With an A-list of who’s who in Brit and Yank women’s fiction, what can go wrong, right? The way I see it as I paid for this book, it can either be an all-out fun fest or a painful marathon of nose-bleeding neuroses. If it’s the latter, I’m prepared to be in a smug “I’m smarter than these stupid chicks mode!” and laugh at their stupidity. Either way I’m determined to have fun. Besides, around £1.00 or so will go to the War Child foundation, so it’s for a good cause.
Unfortunately, I can’t take it. Thirty-one stories of drop dead gorgeous women beating themselves up (or scratching each other’s eyes out) over obviously scumbag men are way over my breaking limit. As I keep reading – there’s nothing else I can do when I’m stuck on a subway train ride – it’s as if my life is flashing before my eyes. Soon, no doubt, my nose and ears will start bleeding.
Let’s put it this way: Wendy Holden’s E-male of the Species sums up the entire mood of this anthology. It tells a story of a woman whose boyfriend is living off her. She doesn’t like it, but what can she do? She needs a man in her life. Pathetic, if you ask me. She smiles when her colleague tells her that she has found The Right Guy via an online personal site, all the while sneering behind the colleague’s back. In the end, she gets a shock when her leech boyfriend dumps her for – yup, the colleague whom he met online.
In the world of this anthology, beautiful women have no choice but to settle for third-rate men who cheat and scrub on them. The heroine in Freya North’s In and Out looks forlornly ahead at the end of the short story, blaming herself for ruining her friends’ as well as her boyfriend’s night even as the boyfriend watches TV, ignoring her as he always do 90% of the time.
And so they go. Women stabbing each other to get that prime post of editor in some women’s magazine (I should’ve known). Women lowering themselves and settling for lousy men, worse, fighting each other for the men. Jenny Colgan’s Dougie, Spoons and the Solarium Aquarium has a really, really moronic male as lead character, and this snake-loving weirdo has no problems getting laid (usually after dousing the woman with lots of alcohol). While at the same time beautiful, drop dead gorgeous and successful women in this anthology are so hard up that they’ll do any man – any man!
I can’t help but to wonder: do these authors actually look at their fellow women with so much contempt to make them the butt of their jokes? Am I supposed to have fun reading about these women? No matter how much I try to tell myself I’m sure glad I never turned out like these moronic bimbos in my younger days, I can’t muster up any laughter.

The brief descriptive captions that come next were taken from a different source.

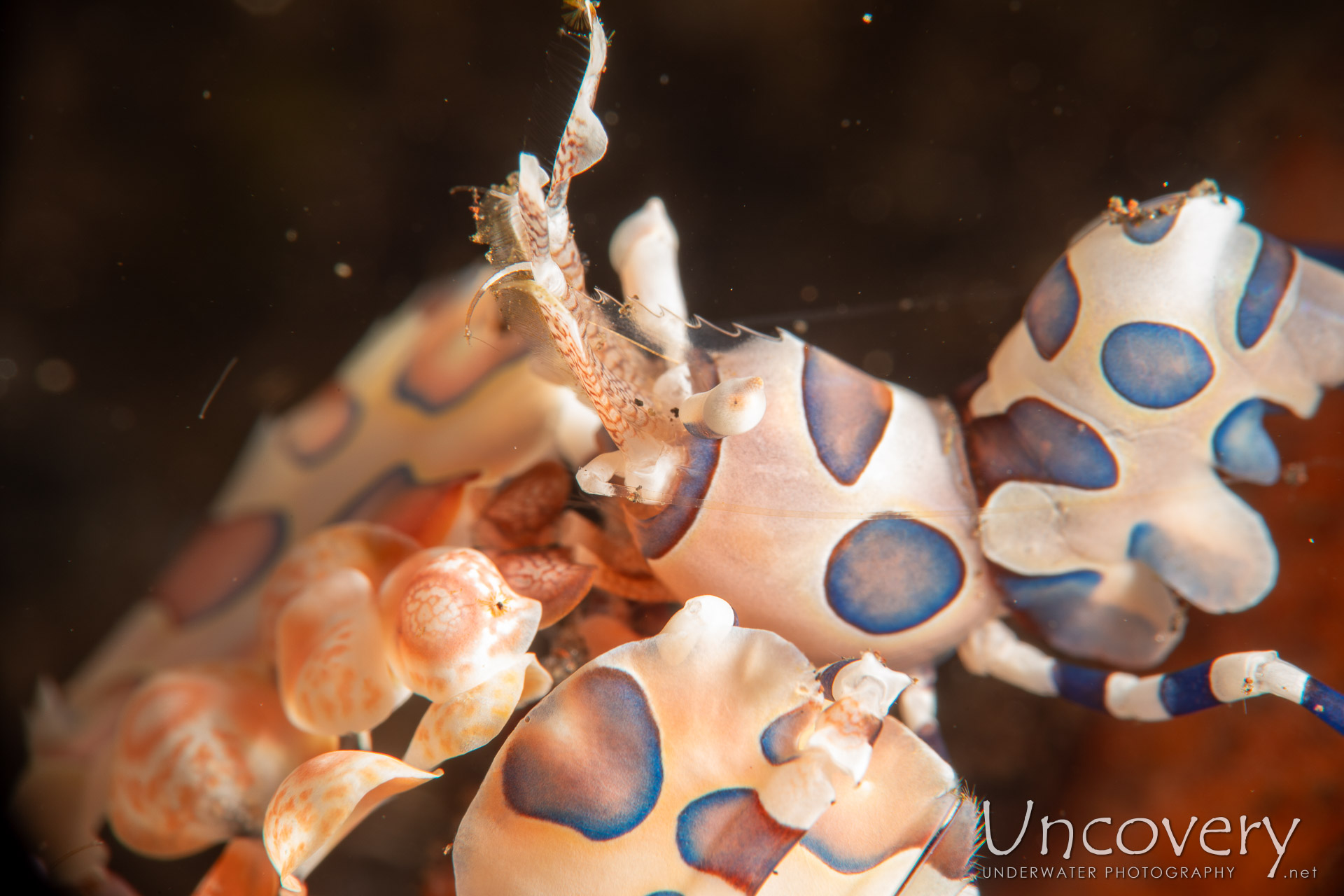 Harlequin Shrimp (hymenocera Picta), photo taken in Indonesia, Bali, Tulamben, Batu Niti Slope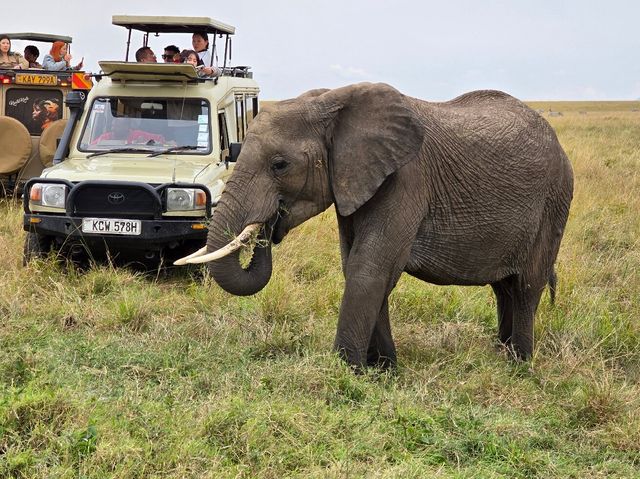 Exceptional Safari Experience with Beacon
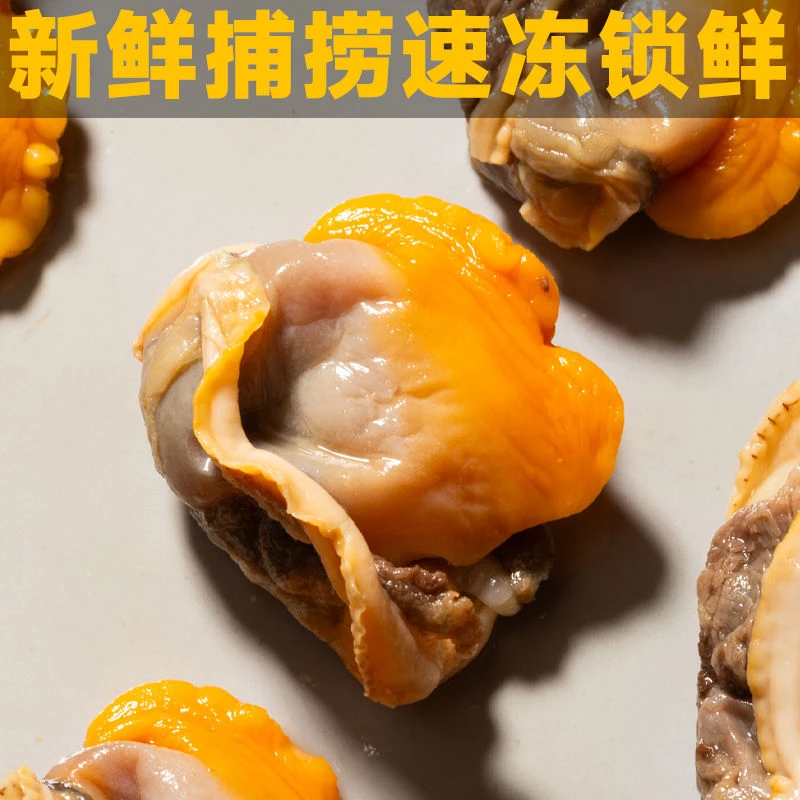 毛蚶赤贝肉小毛蚬子非即食净肉真空新鲜海鲜批发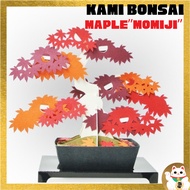 【Ship from Japan】DIY Kit Kami Bonsai Japanese Maple Momiji Paper Bonsai Paper Craft Mini Bonsai Kit 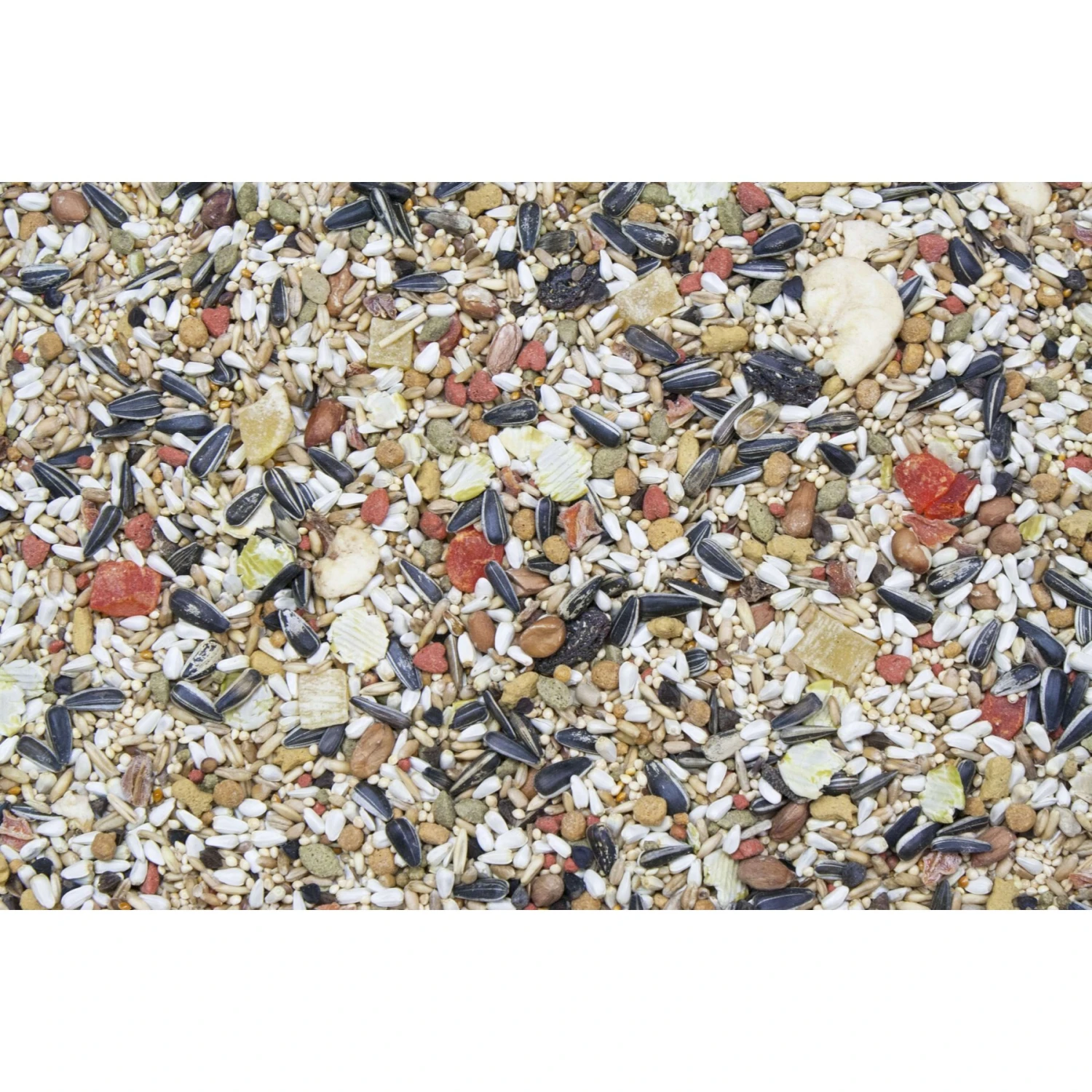 Higgins Vita Seed Conure & Lovebird Bird Food, 2.5-lb Bag 4 Higgins Vita Seed Conure & Lovebird Bird Food, 2.5-lb Bag - Image 2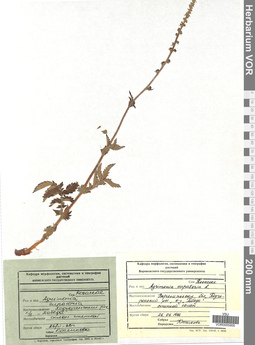 VOR 0005900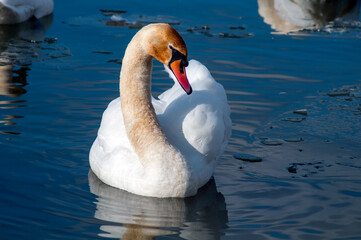 Obraz premium A white majestic swan floats in front of a wave of water. Young swan in the middle of the water. Drops on a wet head.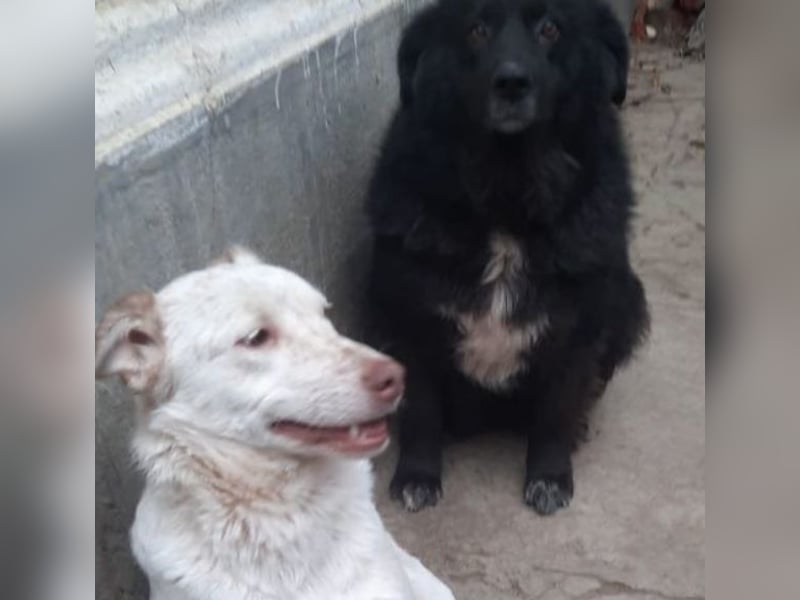 Nelly - freundliche, unkomplizierte Hündin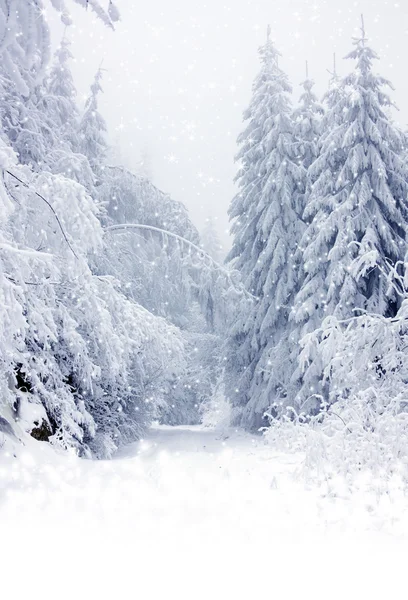 雪の覆われた道路 — ストック写真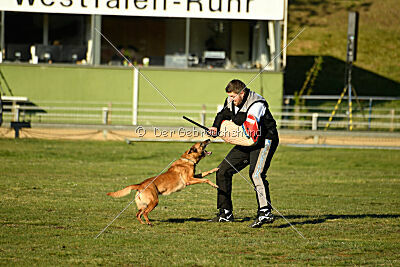 ne pas toucher Amy Winehouse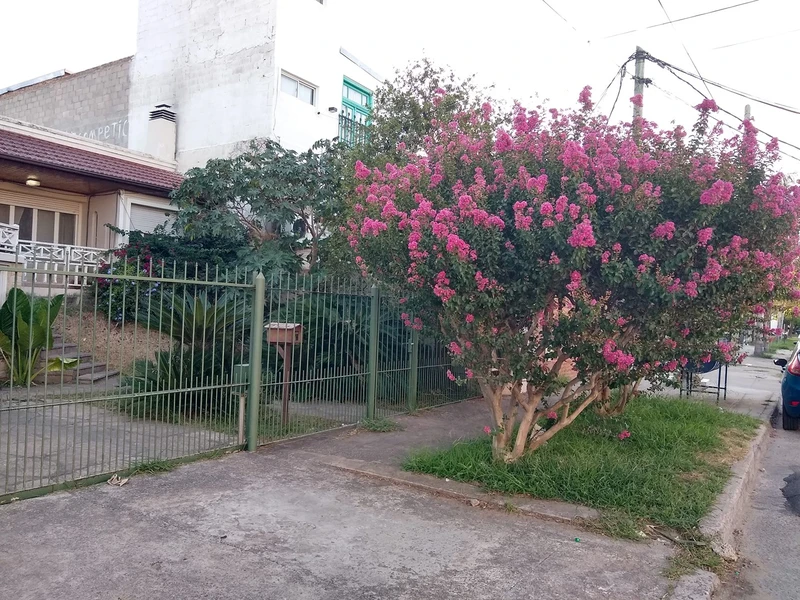 Foto 35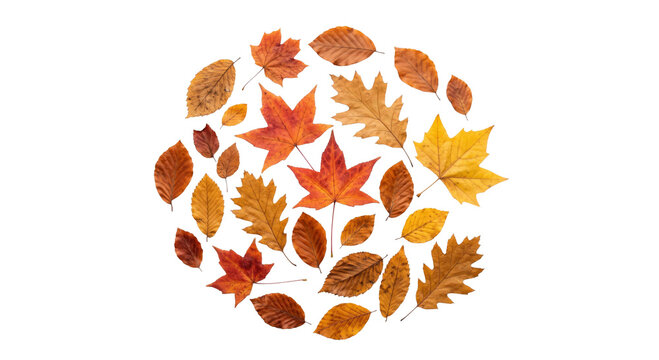 Autumn leaves in a circular arrangement with warm fall colors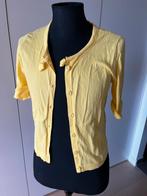 River woods geel vestje m, Kleding | Dames, Ophalen of Verzenden, Zo goed als nieuw, Geel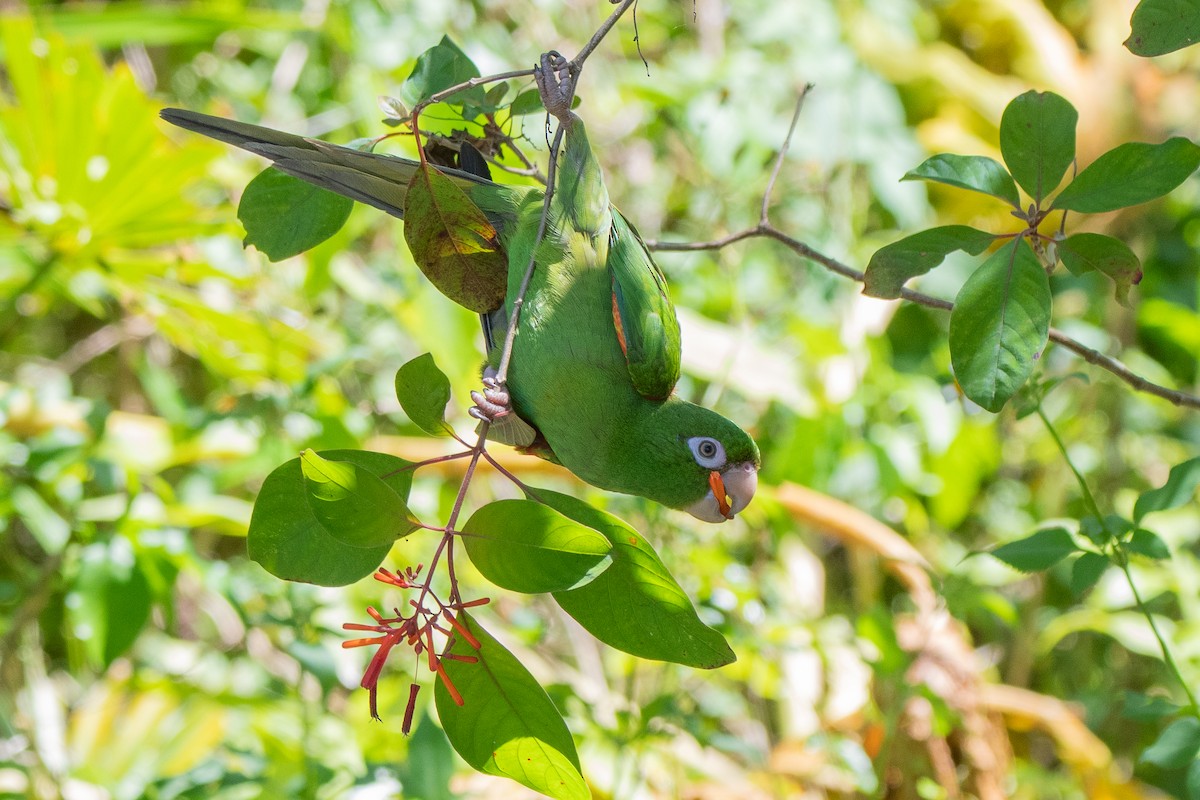 Cuban Parakeet - ML635618556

It’s like laughing at handicapped kiddies – not nice at all.
Needless to say, every story here is a blur of neuroses, women magazine pop fluff, and stupid, dirty unhygienic men making beautiful women bark and jump through hoops for some meaningless, transient boinking. The only memorable ones are Marian Keyes’s The Truth Is Out There, which sees an alien observes a woman finally dumping her man when the man gets thick-headed about her success – at least she’s smart enough to do that.
Girls’ Night Out is as fun as listening to a best girlfriend calling to weep about her latest break-up with her married lover who just bilked her out of her life’s savings (or something to that effect). Some people find this sort of tragicomedy fun, they will no doubt love this book. Me, I think my one pound going to the War Child foundation is good enough to soothe my conscience as I throw this book in the air and swing my tennis racquet at it.